As a junior in 2014–15, Thoseby played in 25 of the Coyotes' 33 games and averaged 2.2 points in 5.7 minutes per game. He scored a then career-high 18 points against Wofford on 22 November 2014.

Thoseby transferred to Georgia Southwestern State of the NCAA Division II in 2015 after graduating from South Dakota with an undergraduate degree in computer science. He led the Hurricanes in scoring at 15.3 points per game, starting all 26 contests in which he appeared in during the 2015–16 season. He scored 20 or more points on seven occasions, including a career-high 34 points against Columbus State on 7 January 2016, and 31 against Francis Marion on 13 February. He was named the Peach Belt Conference (PBC) Player of the Week on 15 February. He was a third-team All-PBC selection and was named to the PBC All-Academic team after holding a 3.67 GPA while majoring in computer science.

==Professional career==
After attempting to pick up a deal in Europe, Thoseby returned to Australia in 2017 to play in the Big V for the Knox Raiders. In 22 games, he averaged 18.1 points, 3.2 rebounds and 1.4 assists per game. He was subsequently named to the Big V All-Star Five.

On 11 August 2017, Thoseby signed with the Sydney Kings of the Australian National Basketball League (NBL) for the 2017–18 season. He averaged 1.1 points in 18 games for the Kings.

On 22 August 2018, Thoseby signed with the Worcester Wolves of the British Basketball League (BBL) for the 2018–19 season. In 26 games, he averaged 10.8 points, 3.2 rebounds and 1.7 assists per game.

Thoseby re-joined the Knox Raiders, now in the NBL1, for the 2019 season. In 19 games, he averaged 14.4 points, 2.9 rebounds and 1.6 assists per game.

In January 2020, Thoseby moved to Germany to play for Basketball Löwen of the ProB. He quickly became the team's top scorer, averaging of 25.8 points in his first six games. In eight games during the 2019–20 season, he averaged 24.6 points, 4.8 rebounds, 2.3 assists and 1.8 steals per game.

In August 2020, Thoseby signed with Traiskirchen Lions of the Austrian Basketball Superliga for the 2020–21 season. In February 2021, he was ruled out for the rest of the season with an injury.

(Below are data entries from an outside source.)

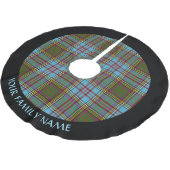 Clan Anderson Tartan Brushed Polyester Tree Skirt Polyester Weihnachtsbaumdecke (Schrägansicht)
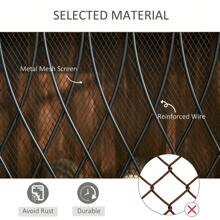 HOMCOM 126cm 3-Panel Metal Folding Fireplace Screen Heat Flame Protective Guard Child Pet Home Spark Barrier Surround W/ Mesh Pattern - Black - View 6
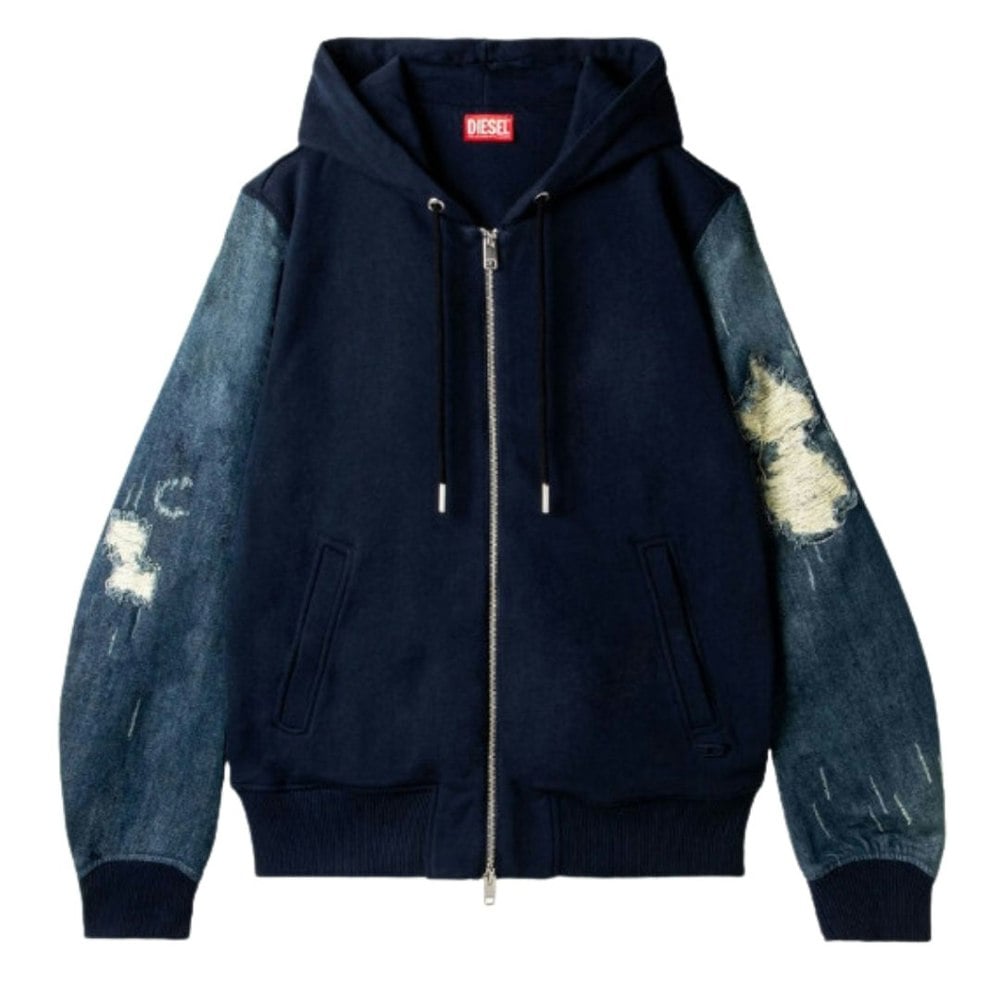 Diesel Blue Denim Sleeved Jacket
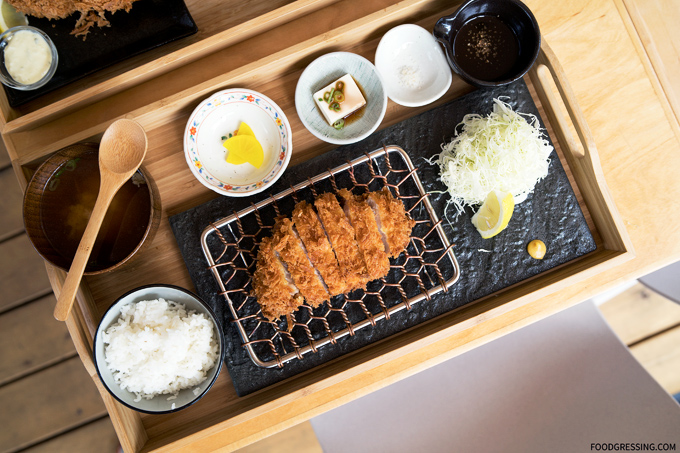 Saku Restaurant Robson Vancouver Japanese Pork Cutlet Katsu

In April 2021, Thoseby returned to the Knox Raiders of the NBL1 South and played three games during the 2021 NBL1 season.

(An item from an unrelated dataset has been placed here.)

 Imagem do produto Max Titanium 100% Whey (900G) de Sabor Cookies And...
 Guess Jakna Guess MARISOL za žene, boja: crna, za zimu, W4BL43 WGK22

On 1 February 2022, Thoseby signed with the Perry Lakes Hawks of the NBL1 West for the 2022 season. He parted ways with the Hawks on 22 June 2022. In 11 games, he averaged 16.27 points, 2.81 rebounds and 1.72 assists per game.

On 3 February 2023, Thoseby signed with the Ballarat Miners for the 2023 NBL1 South season.

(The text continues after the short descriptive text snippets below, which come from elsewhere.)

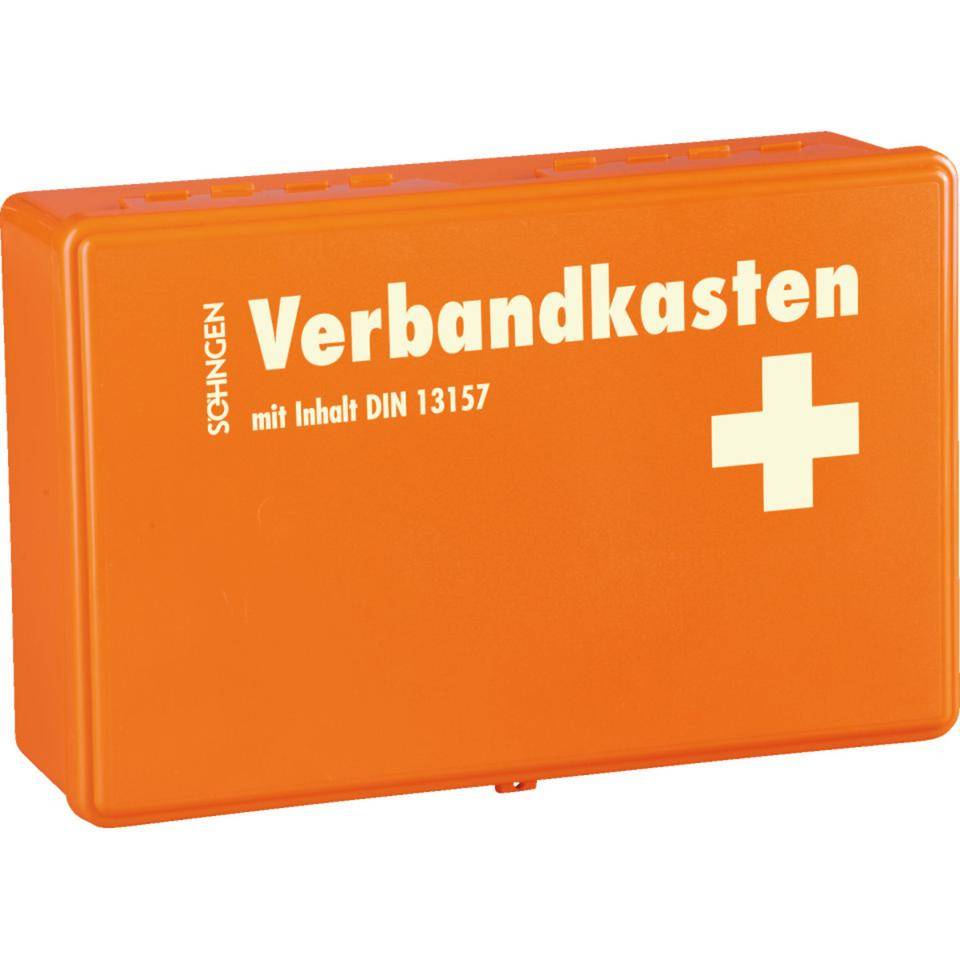 SÖHNGEN® Verbandkasten Kiel, mit PERMALIGHT Beschriftung, orange,Kunststoff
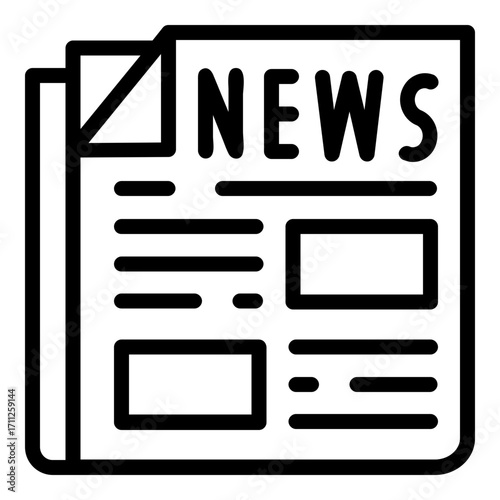 newspaper icon line
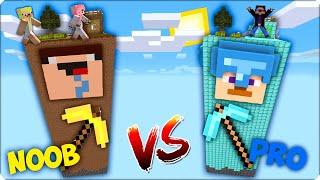 Noob Chunk VS Chunk PRO Battle in Minecraft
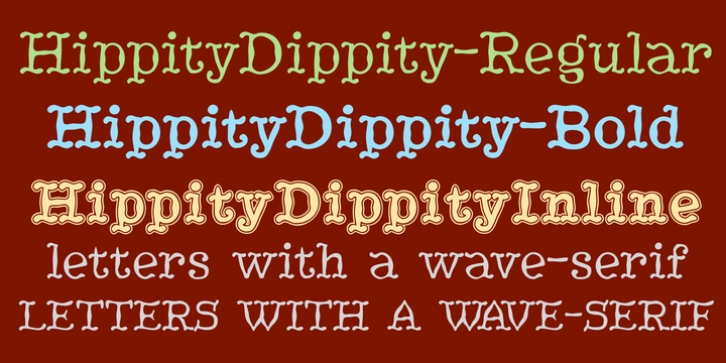 HippityDippity font preview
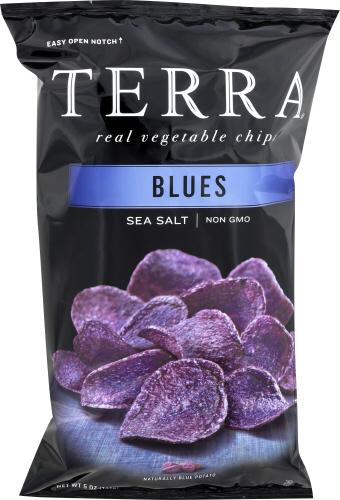 Terra Chips Chip Potato Blue - 5 Oz (12 Units)
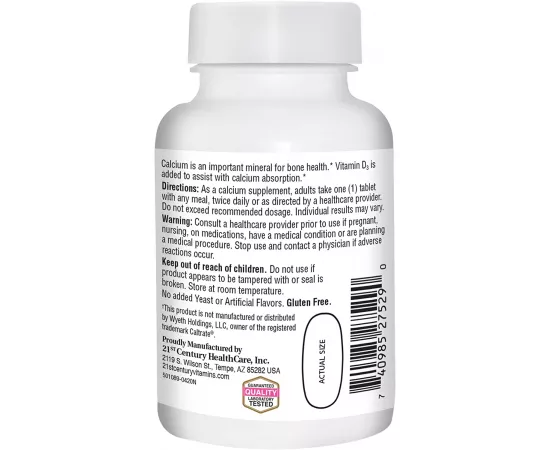 21st Century 600+D3, Calcium & Vitamin D3 Supplement, 75 Tablets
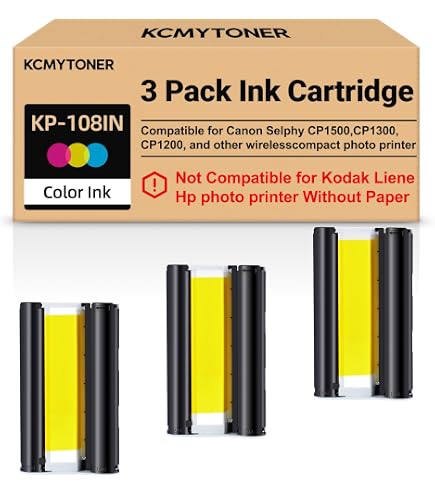 Amazon | Canon Selphy CP1500 CP1300 インクとペーパーセット KP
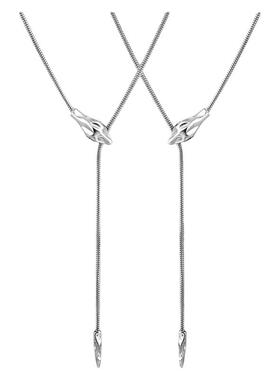 DH7蛇头情侣项链女秋冬毛衣链饰品男轻奢高级感锁骨链本命年吊坠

On 3 November 2023, Thoseby signed with Ehingen Urspring of the ProB for the rest of the 2023–24 season.

On 17 February 2024, Thoseby signed with the Casey Cavaliers for the 2024 NBL1 South season.

On 6 March 2025, Thoseby signed with the Diamond Valley Eagles for the 2025 NBL1 South season. On 26 February 2026, he re-signed with the Eagles for the 2026 season. He appeared in two games for the Eagles in March 2026 before joining the Warrandyte Venom of the Big V in May 2026.

==National team career==
As of 2015, Thoseby had represented England or Great Britain in international basketball approximately 40 times. During the summer of 2011, he played for Great Britain's Under 20 basketball team that participated in the European Championships. He averaged 8.9 points per game in the tournament. In 2018, he played for England at the Commonwealth Games on the Gold Coast. He averaged 14.5 points per game in the tournament.

==Personal life==
Thoseby is the son of Andrew Thoseby and Sue Baker.

Thoseby holds Australian and British citizenship and has both joint British and Australian passports.